Deux coups de feu retentissent, le policier resté de garde s’est fait surprendre et le prisonnier a fui. Mais le commissaire veut savoir d’où sort cette jeune femme. Elle lui explique qu’elle rentre de chez une amie et qu’elle a vu ce truc dans le ciel, quelle a voulu en savoir plus.
Envoyant ses limiers sur les traces du fugitif, il utilise l’automobile et le chauffeur de la jeune femme. Elle finit, face à sa lourde insistance, par lui dévoiler son identité. Elle est majeure et s’appelle Bertille de Chavronnes des Argons.
Mais le commissaire n’est pas au bout de ses peines car le Préfet de police le harcèle pour qu’il retrouve le prisonnier et qu’il vienne à bout de cette boule qui… grossit. Or, ni les explosifs, les bombes, les pilonnages ne l’égratignent. Et selon les scientifiques, dans quelques jours, elle aura tellement grossi que…
Avec cette étrange boule d’un rouge éclatant, arrivée dans une période comprise entre juillet 1926 et novembre 1928, l’auteur illustre les attitudes face à l’inattendu. Trop souvent, face à l’inexplicable, à l’étrange, la peur s’installe et la réaction humaine est d’essayer de détruire ce qui est considéré comme une menace.
Mais la boule imaginée par Éric Stalner est une menace. Elle grossit selon une règle mathématique qui, si elle est constatée, reste incompréhensible. La masse qu’elle va représenter est fabuleuse et entrainera une suite de catastrophes.
Parallèlement, le commissaire, qui rencontre de plus en plus souvent la jeune femme, est confronté à des problèmes bien épineux comme retrouver cet individu dont la disparition est aussi inexplicable. Quoique !
Les dialogues sont pétillants et les échangent entre les héros sont enlevés et humoristiques.
En auteur complet, Éric Stalner assure dessin et mise en couleurs. Il propose, pour cette dernière, une palette très fournie des différentes teintes que l’on peut trouver entre le blanc intense et le noir intégral. La seule autre couleur est le rouge qui habille la boule, mais qui se trouve aussi sur les lèvres de l’héroïne et sur quelques accessoires vestimentaires comme une écharpe, un boa…

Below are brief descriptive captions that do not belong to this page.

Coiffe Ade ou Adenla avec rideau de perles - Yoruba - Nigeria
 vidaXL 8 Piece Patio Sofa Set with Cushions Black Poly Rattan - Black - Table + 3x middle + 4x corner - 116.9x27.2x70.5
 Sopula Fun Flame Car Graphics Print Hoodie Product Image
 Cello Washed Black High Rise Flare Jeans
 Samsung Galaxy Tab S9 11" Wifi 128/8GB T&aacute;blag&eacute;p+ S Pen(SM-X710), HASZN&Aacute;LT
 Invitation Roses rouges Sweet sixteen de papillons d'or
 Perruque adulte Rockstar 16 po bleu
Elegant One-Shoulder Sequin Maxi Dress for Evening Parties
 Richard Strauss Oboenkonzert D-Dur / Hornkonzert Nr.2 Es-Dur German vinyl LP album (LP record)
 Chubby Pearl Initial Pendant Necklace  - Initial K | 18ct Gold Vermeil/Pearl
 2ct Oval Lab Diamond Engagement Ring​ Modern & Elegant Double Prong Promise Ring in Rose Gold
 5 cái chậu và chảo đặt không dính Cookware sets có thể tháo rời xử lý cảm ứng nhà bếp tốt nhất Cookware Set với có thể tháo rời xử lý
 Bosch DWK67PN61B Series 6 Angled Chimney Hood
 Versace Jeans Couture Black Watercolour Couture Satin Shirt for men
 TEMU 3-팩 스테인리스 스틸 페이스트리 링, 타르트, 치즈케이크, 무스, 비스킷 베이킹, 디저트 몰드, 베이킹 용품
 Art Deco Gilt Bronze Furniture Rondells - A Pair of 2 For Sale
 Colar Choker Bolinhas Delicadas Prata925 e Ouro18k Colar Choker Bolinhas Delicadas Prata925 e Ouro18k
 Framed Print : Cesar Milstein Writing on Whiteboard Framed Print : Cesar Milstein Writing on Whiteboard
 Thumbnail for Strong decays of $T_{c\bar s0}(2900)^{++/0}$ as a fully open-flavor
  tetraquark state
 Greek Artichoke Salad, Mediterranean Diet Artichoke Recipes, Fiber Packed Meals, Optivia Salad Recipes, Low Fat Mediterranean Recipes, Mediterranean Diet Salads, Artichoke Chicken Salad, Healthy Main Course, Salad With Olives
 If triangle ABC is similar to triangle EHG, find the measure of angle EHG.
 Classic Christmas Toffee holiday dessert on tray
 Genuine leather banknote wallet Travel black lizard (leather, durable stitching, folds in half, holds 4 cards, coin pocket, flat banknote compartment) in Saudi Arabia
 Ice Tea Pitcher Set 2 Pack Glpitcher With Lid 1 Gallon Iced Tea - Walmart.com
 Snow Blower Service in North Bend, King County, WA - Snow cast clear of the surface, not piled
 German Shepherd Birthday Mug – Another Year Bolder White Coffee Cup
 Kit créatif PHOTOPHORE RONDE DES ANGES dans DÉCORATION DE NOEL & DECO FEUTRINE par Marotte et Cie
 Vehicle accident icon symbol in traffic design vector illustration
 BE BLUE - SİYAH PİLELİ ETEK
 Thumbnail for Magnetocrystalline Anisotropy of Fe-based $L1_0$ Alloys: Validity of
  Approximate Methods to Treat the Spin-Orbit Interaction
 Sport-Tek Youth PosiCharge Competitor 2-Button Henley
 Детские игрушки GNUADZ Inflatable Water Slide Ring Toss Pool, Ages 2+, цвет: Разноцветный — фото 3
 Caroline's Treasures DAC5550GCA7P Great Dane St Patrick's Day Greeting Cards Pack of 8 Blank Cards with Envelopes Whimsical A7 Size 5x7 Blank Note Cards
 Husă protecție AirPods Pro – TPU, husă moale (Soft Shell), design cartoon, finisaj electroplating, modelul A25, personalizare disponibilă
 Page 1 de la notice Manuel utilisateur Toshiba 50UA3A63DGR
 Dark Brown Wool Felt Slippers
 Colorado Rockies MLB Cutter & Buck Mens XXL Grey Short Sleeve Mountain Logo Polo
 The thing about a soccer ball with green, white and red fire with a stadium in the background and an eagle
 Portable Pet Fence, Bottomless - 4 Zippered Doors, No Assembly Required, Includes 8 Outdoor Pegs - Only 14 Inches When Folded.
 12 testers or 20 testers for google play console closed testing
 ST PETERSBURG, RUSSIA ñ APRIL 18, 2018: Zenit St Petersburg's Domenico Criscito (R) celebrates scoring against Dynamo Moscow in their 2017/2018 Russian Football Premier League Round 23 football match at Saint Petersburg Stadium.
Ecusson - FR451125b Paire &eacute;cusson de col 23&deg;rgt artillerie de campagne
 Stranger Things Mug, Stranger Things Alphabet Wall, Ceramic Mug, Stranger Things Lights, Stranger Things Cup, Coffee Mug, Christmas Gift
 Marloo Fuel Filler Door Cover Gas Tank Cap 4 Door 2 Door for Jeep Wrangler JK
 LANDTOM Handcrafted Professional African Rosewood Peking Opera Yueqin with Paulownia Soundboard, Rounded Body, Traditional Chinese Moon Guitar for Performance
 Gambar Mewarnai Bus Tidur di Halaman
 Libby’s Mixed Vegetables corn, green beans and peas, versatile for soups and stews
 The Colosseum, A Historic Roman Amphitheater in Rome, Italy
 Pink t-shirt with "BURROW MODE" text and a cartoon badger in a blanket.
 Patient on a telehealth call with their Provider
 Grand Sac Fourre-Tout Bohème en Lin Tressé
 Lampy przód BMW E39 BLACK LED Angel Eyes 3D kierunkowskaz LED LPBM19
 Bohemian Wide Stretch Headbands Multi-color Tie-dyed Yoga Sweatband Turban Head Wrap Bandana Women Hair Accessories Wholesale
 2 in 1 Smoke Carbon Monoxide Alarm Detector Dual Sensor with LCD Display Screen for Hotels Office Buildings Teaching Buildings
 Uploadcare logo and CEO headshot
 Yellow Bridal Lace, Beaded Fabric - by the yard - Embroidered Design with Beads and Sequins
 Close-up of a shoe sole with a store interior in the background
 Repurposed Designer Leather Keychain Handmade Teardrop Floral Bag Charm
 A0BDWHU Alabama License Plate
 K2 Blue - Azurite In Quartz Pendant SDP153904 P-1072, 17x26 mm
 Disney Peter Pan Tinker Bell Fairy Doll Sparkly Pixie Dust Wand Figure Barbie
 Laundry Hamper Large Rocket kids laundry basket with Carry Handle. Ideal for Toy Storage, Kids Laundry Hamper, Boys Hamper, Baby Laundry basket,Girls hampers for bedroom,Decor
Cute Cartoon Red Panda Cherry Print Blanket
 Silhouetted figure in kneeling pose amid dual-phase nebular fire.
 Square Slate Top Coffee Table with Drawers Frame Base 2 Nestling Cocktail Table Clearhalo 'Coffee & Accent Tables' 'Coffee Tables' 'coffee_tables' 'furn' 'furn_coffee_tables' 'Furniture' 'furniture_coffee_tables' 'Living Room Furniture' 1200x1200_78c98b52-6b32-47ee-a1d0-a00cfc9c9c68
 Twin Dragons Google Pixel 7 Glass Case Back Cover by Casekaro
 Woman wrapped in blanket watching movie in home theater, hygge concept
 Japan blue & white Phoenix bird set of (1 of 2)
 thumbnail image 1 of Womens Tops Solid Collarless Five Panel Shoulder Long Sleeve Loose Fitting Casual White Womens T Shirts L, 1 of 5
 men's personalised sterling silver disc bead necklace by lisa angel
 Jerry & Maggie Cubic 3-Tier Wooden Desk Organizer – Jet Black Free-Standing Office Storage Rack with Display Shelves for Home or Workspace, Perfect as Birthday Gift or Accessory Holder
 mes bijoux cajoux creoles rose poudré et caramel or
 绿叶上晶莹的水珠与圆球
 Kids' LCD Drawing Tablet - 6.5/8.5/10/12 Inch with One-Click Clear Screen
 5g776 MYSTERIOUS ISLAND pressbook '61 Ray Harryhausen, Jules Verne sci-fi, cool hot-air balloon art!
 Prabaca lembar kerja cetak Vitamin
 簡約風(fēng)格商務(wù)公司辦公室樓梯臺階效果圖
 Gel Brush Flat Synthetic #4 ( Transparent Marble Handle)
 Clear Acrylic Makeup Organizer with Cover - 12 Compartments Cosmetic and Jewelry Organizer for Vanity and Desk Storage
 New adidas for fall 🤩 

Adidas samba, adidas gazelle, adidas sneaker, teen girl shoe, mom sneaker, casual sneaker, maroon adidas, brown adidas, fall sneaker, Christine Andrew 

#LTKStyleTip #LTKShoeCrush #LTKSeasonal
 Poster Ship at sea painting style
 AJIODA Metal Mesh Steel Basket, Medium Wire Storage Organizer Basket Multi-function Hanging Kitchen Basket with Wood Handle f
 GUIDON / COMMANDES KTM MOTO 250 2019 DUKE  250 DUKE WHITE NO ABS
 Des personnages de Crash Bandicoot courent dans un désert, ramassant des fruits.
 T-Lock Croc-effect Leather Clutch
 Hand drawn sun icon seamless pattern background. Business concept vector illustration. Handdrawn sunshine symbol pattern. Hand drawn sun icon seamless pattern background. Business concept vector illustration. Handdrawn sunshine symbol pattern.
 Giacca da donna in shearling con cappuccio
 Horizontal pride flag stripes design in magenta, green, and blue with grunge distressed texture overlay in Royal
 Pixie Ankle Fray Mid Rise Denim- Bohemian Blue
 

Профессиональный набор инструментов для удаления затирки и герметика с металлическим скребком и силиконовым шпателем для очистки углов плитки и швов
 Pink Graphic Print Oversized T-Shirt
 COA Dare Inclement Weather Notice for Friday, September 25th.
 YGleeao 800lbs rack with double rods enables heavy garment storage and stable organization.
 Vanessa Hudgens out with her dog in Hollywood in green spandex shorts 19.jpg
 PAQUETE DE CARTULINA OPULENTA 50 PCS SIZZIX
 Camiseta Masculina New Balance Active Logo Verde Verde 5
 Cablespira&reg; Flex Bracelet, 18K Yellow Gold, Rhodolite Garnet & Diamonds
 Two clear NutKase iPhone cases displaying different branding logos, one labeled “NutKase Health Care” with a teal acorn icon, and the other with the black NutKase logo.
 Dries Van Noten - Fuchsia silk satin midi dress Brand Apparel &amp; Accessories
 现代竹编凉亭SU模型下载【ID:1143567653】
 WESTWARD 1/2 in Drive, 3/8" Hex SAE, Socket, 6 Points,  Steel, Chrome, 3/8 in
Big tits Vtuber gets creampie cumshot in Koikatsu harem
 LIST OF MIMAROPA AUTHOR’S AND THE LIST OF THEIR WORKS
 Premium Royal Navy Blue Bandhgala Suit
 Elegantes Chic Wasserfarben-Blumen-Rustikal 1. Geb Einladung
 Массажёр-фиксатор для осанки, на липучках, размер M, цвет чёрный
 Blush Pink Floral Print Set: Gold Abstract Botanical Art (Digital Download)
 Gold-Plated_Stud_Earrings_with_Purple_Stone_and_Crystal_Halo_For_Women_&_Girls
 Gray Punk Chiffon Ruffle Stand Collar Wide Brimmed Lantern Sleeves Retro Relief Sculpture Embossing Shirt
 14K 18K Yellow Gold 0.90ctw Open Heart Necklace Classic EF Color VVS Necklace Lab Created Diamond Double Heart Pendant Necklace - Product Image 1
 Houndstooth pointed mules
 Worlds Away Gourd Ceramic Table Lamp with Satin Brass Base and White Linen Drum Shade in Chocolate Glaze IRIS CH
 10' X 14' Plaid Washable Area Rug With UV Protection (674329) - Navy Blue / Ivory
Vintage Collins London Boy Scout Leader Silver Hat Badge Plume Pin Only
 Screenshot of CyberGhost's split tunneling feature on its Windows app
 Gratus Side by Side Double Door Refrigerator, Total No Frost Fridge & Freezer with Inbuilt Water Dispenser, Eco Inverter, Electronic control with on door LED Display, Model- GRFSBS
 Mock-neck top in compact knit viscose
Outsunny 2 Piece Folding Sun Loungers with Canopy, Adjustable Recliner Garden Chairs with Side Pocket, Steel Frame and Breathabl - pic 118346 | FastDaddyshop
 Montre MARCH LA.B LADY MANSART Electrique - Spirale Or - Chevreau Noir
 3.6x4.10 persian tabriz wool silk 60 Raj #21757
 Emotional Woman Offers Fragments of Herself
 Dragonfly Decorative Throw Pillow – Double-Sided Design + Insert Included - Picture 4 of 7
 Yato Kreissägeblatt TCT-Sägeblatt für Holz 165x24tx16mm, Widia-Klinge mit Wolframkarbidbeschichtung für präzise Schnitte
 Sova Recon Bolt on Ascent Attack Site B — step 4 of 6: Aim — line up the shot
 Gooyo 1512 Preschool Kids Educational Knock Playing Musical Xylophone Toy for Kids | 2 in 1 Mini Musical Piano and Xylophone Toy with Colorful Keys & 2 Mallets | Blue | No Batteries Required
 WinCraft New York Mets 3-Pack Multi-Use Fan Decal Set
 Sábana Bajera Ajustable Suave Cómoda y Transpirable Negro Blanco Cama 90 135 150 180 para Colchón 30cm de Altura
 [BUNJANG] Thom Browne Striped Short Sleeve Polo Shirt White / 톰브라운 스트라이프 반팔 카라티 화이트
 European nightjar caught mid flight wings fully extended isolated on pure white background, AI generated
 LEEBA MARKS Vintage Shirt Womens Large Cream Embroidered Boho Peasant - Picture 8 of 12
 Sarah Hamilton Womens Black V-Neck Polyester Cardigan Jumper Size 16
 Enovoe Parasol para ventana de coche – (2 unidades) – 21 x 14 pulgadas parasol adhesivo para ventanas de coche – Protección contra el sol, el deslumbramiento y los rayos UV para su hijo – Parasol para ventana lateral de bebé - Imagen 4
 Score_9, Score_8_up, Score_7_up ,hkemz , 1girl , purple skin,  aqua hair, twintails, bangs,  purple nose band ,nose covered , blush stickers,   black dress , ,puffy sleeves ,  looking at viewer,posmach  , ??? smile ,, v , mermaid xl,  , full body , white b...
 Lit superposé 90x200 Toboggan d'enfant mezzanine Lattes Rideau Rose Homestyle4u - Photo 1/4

Certes, on retrouve le dessin si caractéristique de l’auteur bien qu’ici il reconnaisse avoir retenu un trait plus léger, peut-être moins réaliste. Mais, il en résulte une pure merveille graphique.
Avec ce récit où se mêle tensions, menaces, mais situations drôles, tendres, Éric Stalner offre une superbe histoire portée par deux personnages remarquables, que l’on espère pouvoir retrouver bientôt dans de nouvelles aventures.
Éric Stalner (scénario, dessin et couleurs), Bertille & Bertille — L’étrange boule rouge, Bamboo, label “Grand Angle”, juin 2022, 104 p. – 19,90 €.